# Entries supplied

┌──

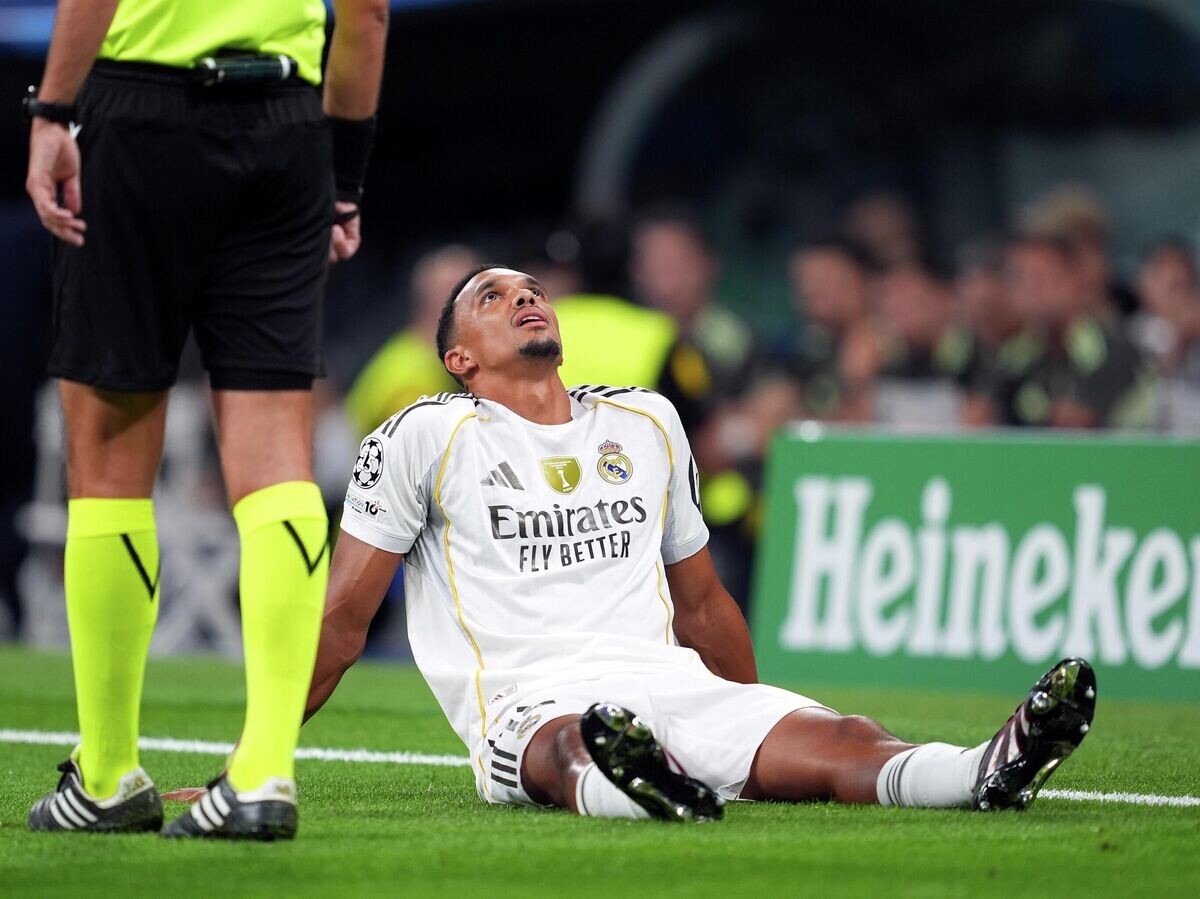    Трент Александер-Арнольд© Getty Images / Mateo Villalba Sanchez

└──
┌──

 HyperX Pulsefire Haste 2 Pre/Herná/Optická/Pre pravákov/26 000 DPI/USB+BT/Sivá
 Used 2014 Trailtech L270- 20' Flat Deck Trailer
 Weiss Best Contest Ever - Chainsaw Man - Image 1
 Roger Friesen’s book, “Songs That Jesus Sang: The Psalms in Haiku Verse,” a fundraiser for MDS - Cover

└──

# Exercise goal
An exact copy of the lines above, from the one containing "Weiss Best Contest" down to the one containing "MDS - Cover" and including both, is the whole answer; retype it and nothing else.

# Response
 Weiss Best Contest Ever - Chainsaw Man - Image 1
 Roger Friesen’s book, “Songs That Jesus Sang: The Psalms in Haiku Verse,” a fundraiser for MDS - Cover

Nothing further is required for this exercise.